De outro lado, espalham-se por toda parte o ateísmo e o paganismo, com uma característica que não tinha grande importância até há pouco: especialmente nos continentes europeu e norte-americano, proliferam ateus e pagãos que se apresentam como tais, sem esconder sua hostilidade não só contra a Igreja Católica, mas contra tudo quanto tenha nome de cristão. Há países da antiga Cristandade européia — como a França, a Inglaterra e a Alemanha — nos quais a proporção de pessoas nessas condições já é superior 30%.

No lado especificamente eclesial, as vocações religiosas são tão poucas que em várias das antigas Ordens religiosas é bem reduzido o número de membros jovens. Analistas bem colocados em postos importantes manifestam o temor de que algumas delas se vejam obrigadas a fechar seus seminários nas Américas e na Europa, por falta de vocações.

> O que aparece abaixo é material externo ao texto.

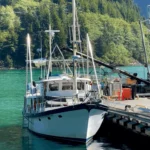 Steadier Seas Classic Lines Why We Chose Paravanes For Fortitude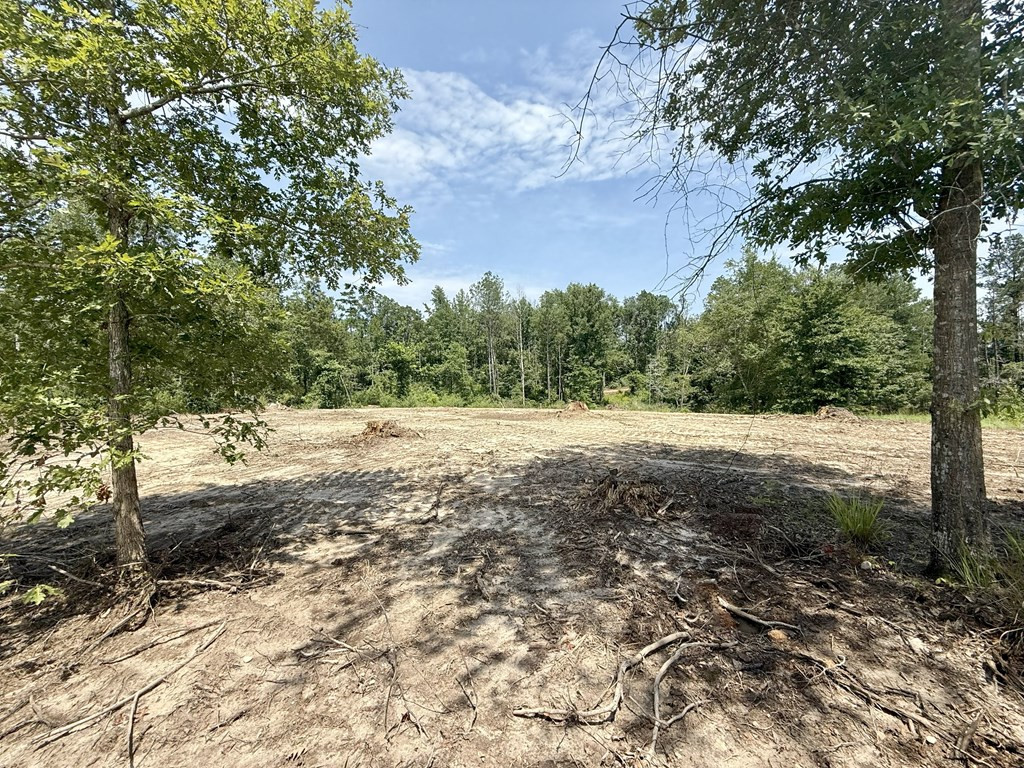 0 King Road Wesson, MS 39191 - Photo 3 of 35 Photo 3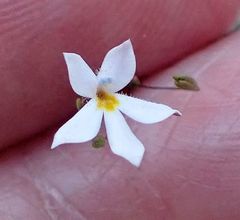 Nemacladus longiflorus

No Brasil, o número de fiéis católicos está pouco acima de 70% da população, sendo que em algumas áreas periféricas de São Paulo e do Rio de Janeiro seu número já é inferior ao dos não-católicos. E, pior ainda, os católicos são em grande parte não-praticantes, e muitos nem conhecem bem sua religião.

Vista de uma perspectiva meramente humana, a atual situação pode parecer desanimadora para quem tem a missão de evangelizar.

Não obstante, nem tudo está perdido. Ante essa situação, a Igreja poderia dizer com Cícero: “Alios vidi ventos, alias prospexi animo procellas” (Eu vi outros ventos e enfrentei sem temor outras tempestades). E essa afirmação pode ser corroborada pelos exemplos históricos.

Quando os primeiros cristãos começaram a levar a Boa Nova a todos os rincões do Império Romano, encontraram uma situação hostil, num ambiente eivado de erros de todos os matizes, e imerso numa ciclópica corrupção moral. Entretanto, a Igreja triunfou sobre o paganismo, elevou a humanidade e construiu uma ordem cristã baseada no Evangelho. Outras épocas da História houve, nas quais ela passou por situações adversas e delas também triunfou.

Qual o segredo desse triunfo? E que lições nos trazem os acontecimentos anteriores à nossa época?

Não é possível investigarmos as oportunidades que se abrem para a Igreja no século XXI sem nos colocarmos tais questões. Afinal, como diz o consagrado aforismo, “a História é a mestra da vida”.

Devemos crer “firmemente que Deus é o Senhor do mundo e da História”[1]. Conhecendo Seu modo de agir ao longo dos tempos, teremos critérios mais apropriados para julgar o presente e o dia de amanhã.

 CLÁ DIAS, João. Oportunidades para a Igreja no século XXI. Elaboração do projeto de pesquisa: elementos constitutivos – 1ª. Parte. Centro Universitário Ítalo Brasileiro. São Paulo, 2007. p. 7-9.


[1] Catecismo da Igreja Católica, n. 314.